What needs to be done →
For this exercise, output the entries below exactly from the line that holds "Geographic) На продаж" to the line that holds "La reine Sofia", both ends included. No pictures belong in the copy.

Input →
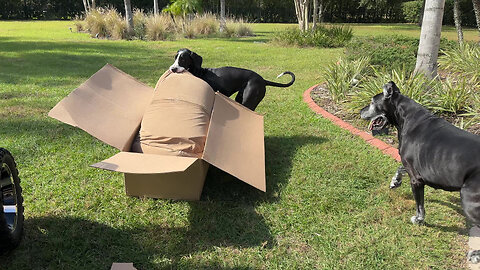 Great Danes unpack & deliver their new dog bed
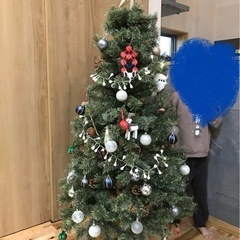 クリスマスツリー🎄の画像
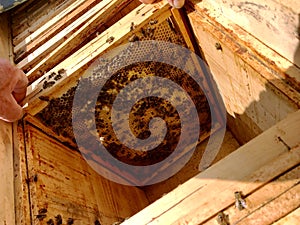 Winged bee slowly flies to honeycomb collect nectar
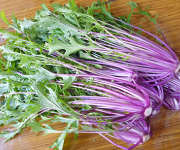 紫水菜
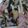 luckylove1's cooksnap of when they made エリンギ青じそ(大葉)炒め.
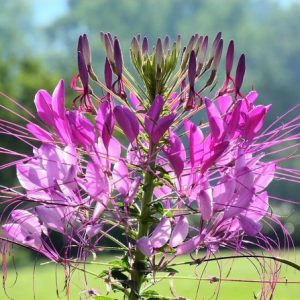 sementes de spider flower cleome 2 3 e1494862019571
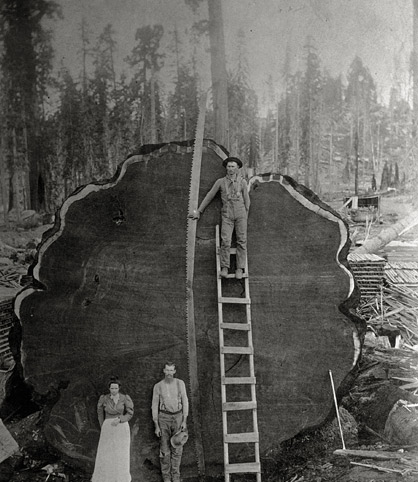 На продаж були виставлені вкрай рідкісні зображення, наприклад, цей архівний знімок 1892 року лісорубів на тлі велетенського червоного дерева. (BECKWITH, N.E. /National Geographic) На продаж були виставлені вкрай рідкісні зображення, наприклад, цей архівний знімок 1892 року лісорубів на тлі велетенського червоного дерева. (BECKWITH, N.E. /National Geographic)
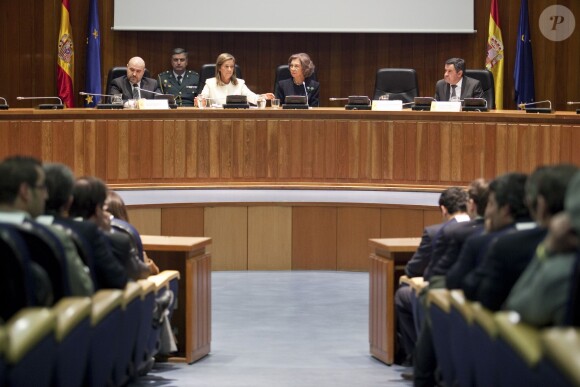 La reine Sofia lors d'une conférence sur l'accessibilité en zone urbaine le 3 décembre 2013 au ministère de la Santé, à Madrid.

...

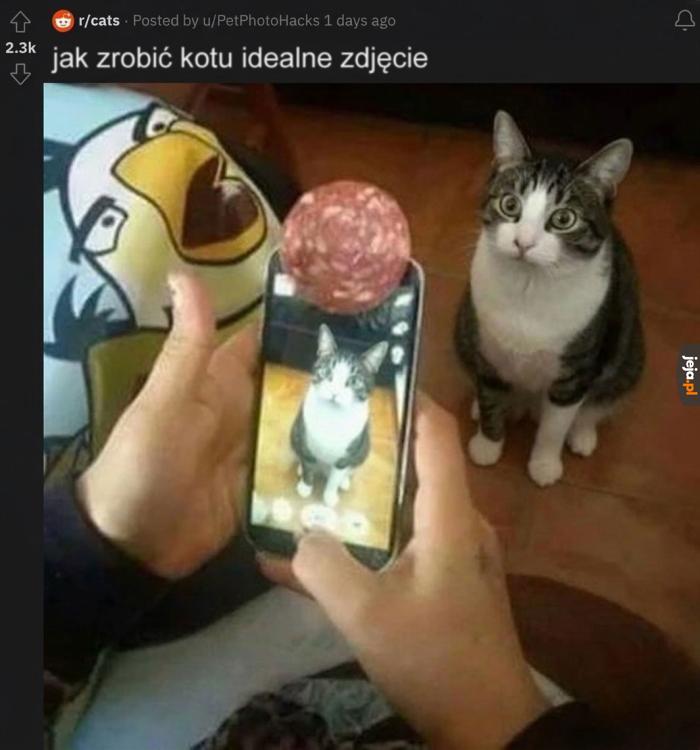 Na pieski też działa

Problem solution →
 На продаж були виставлені вкрай рідкісні зображення, наприклад, цей архівний знімок 1892 року лісорубів на тлі велетенського червоного дерева. (BECKWITH, N.E. /National Geographic) На продаж були виставлені вкрай рідкісні зображення, наприклад, цей архівний знімок 1892 року лісорубів на тлі велетенського червоного дерева. (BECKWITH, N.E. /National Geographic)
 La reine Sofia lors d'une conférence sur l'accessibilité en zone urbaine le 3 décembre 2013 au ministère de la Santé, à Madrid.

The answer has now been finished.